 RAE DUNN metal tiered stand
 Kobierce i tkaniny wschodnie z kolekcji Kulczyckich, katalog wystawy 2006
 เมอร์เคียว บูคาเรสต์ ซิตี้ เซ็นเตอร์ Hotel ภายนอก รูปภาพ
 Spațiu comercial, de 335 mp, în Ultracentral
:::::
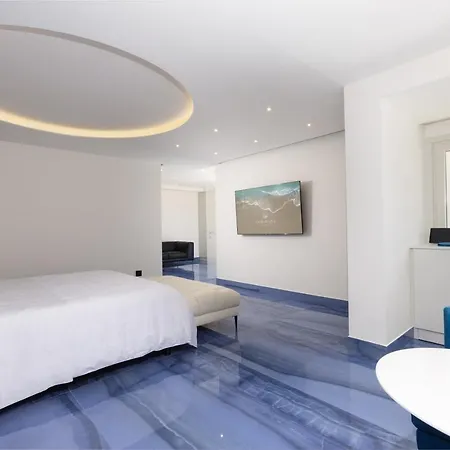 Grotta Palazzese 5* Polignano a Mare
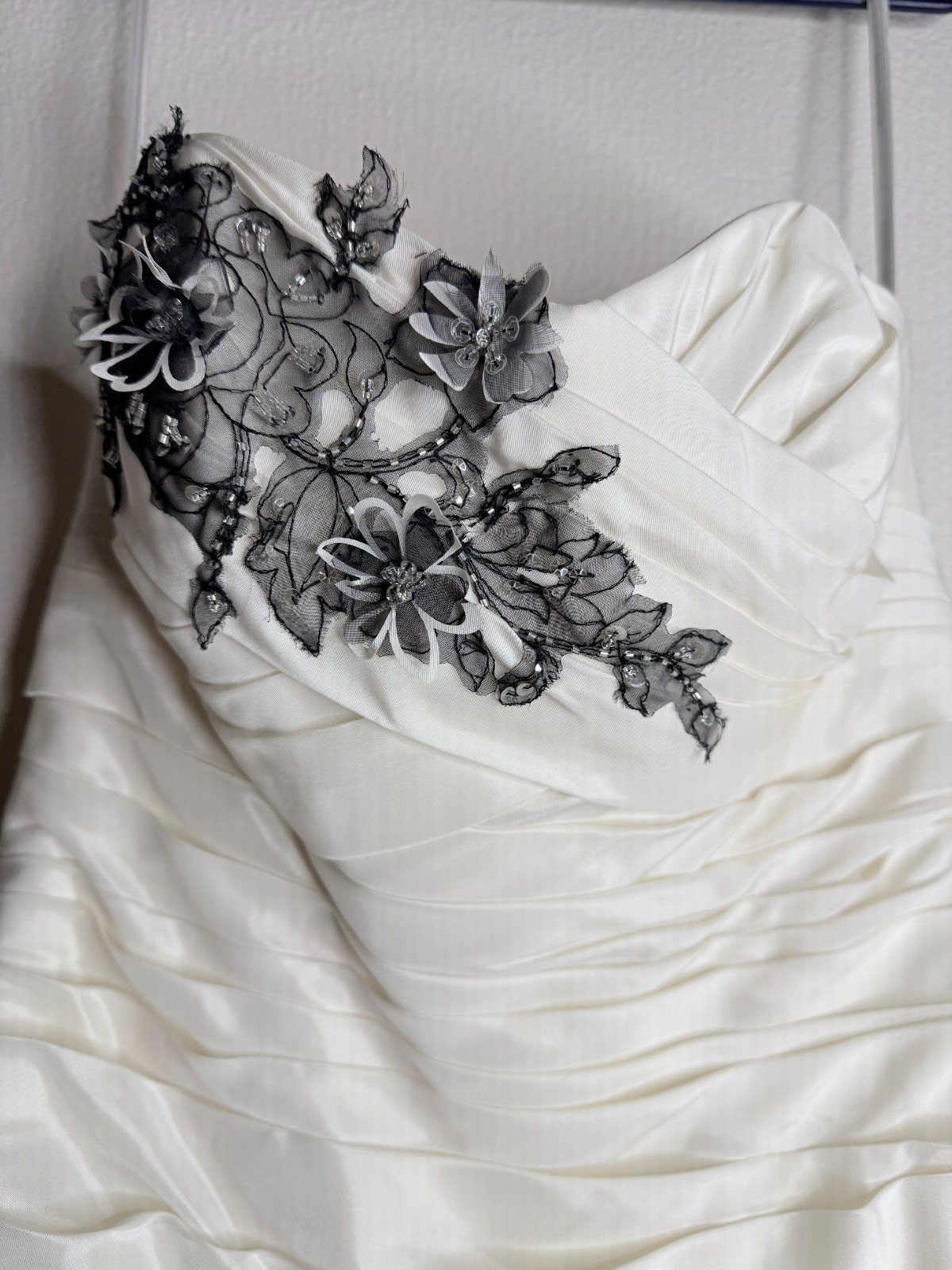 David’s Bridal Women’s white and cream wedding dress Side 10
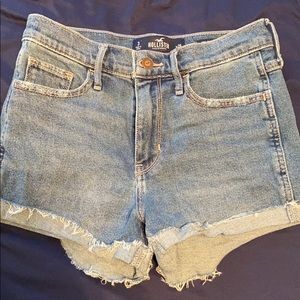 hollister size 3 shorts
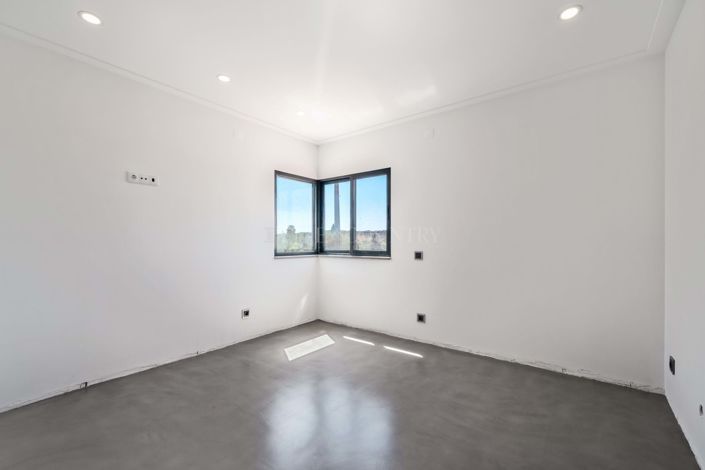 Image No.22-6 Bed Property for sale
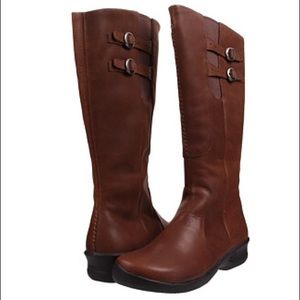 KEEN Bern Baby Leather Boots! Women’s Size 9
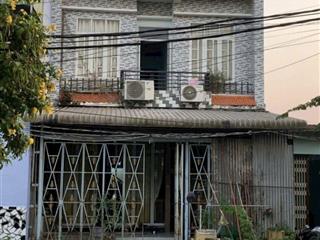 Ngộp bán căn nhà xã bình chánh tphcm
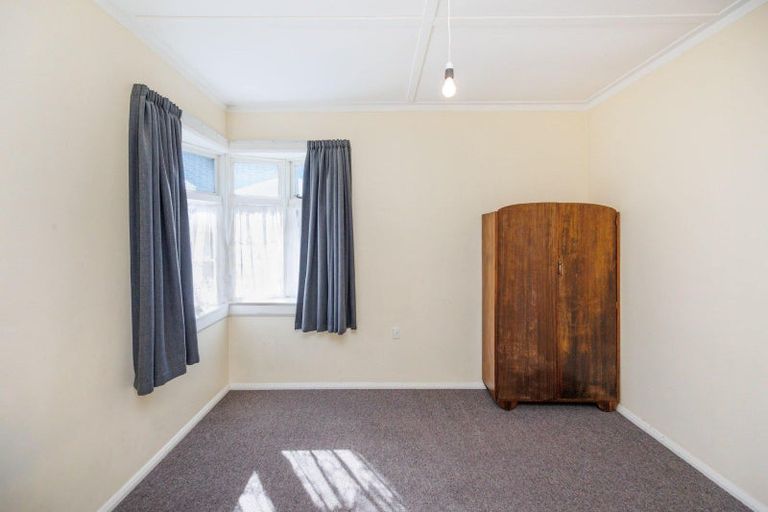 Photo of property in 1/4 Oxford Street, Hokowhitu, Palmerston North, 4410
:::::
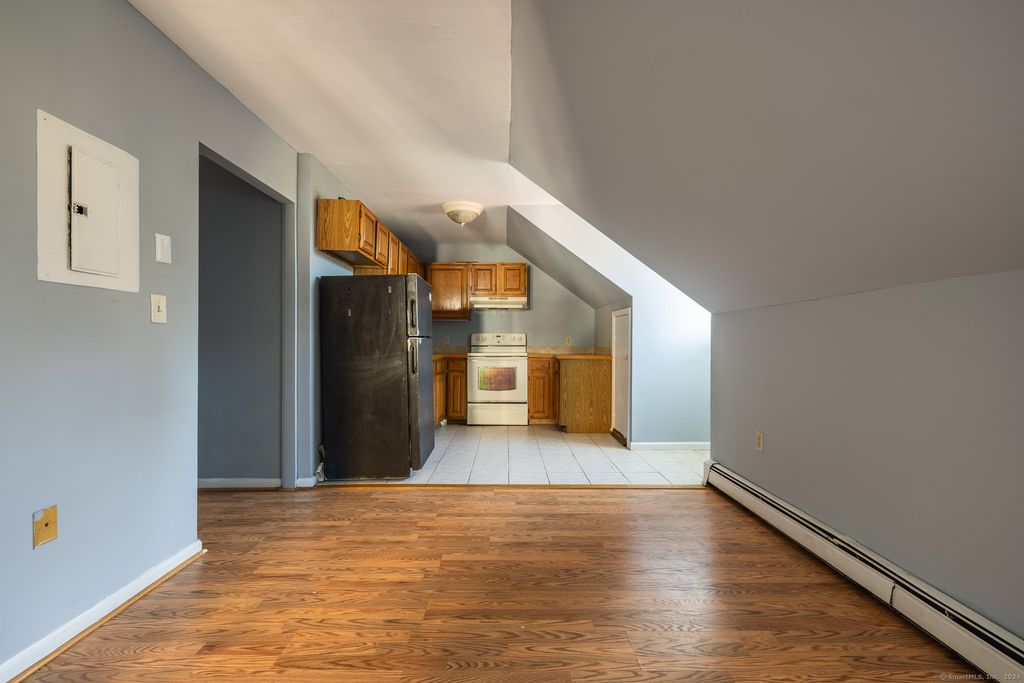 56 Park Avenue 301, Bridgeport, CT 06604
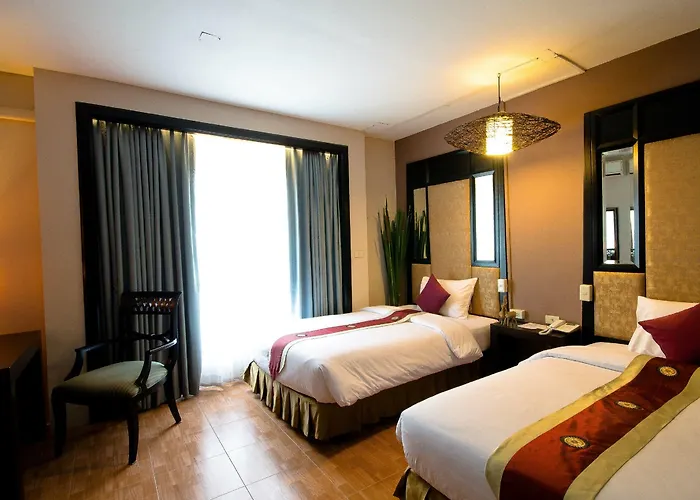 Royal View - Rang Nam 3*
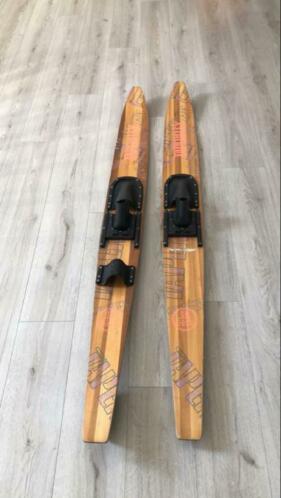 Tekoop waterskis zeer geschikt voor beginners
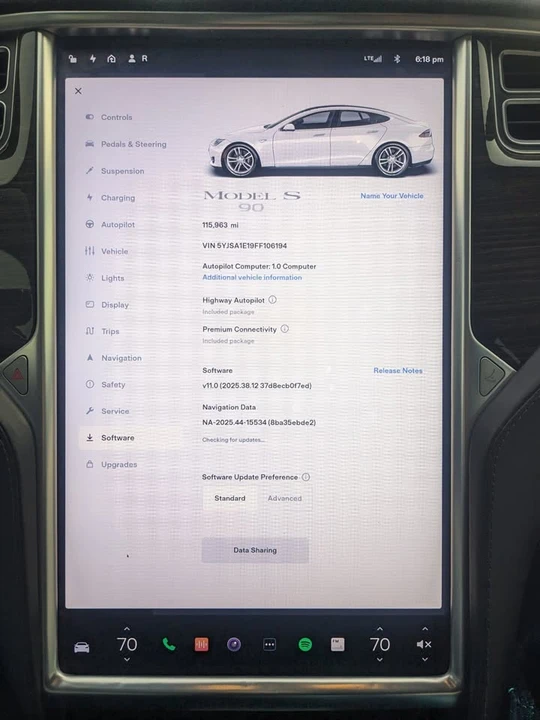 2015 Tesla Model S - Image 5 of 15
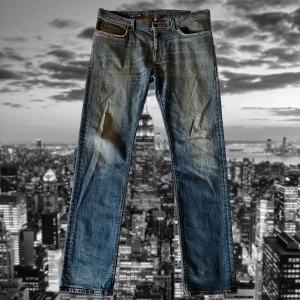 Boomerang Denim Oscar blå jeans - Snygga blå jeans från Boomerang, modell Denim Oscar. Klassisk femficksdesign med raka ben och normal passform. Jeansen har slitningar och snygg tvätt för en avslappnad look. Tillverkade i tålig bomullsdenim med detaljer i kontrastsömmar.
:::::
Working from the entries above, reproduce exactly and only the lines beginning with the line that has "2015 Tesla Model S - Image 5 of 15" and ending with the line that has "Boomerang Denim Oscar"; omit all pictures.

 2015 Tesla Model S - Image 5 of 15
 Boomerang Denim Oscar blå jeans - Snygga blå jeans från Boomerang, modell Denim Oscar. Klassisk femficksdesign med raka ben och normal passform. Jeansen har slitningar och snygg tvätt för en avslappnad look. Tillverkade i tålig bomullsdenim med detaljer i kontrastsömmar.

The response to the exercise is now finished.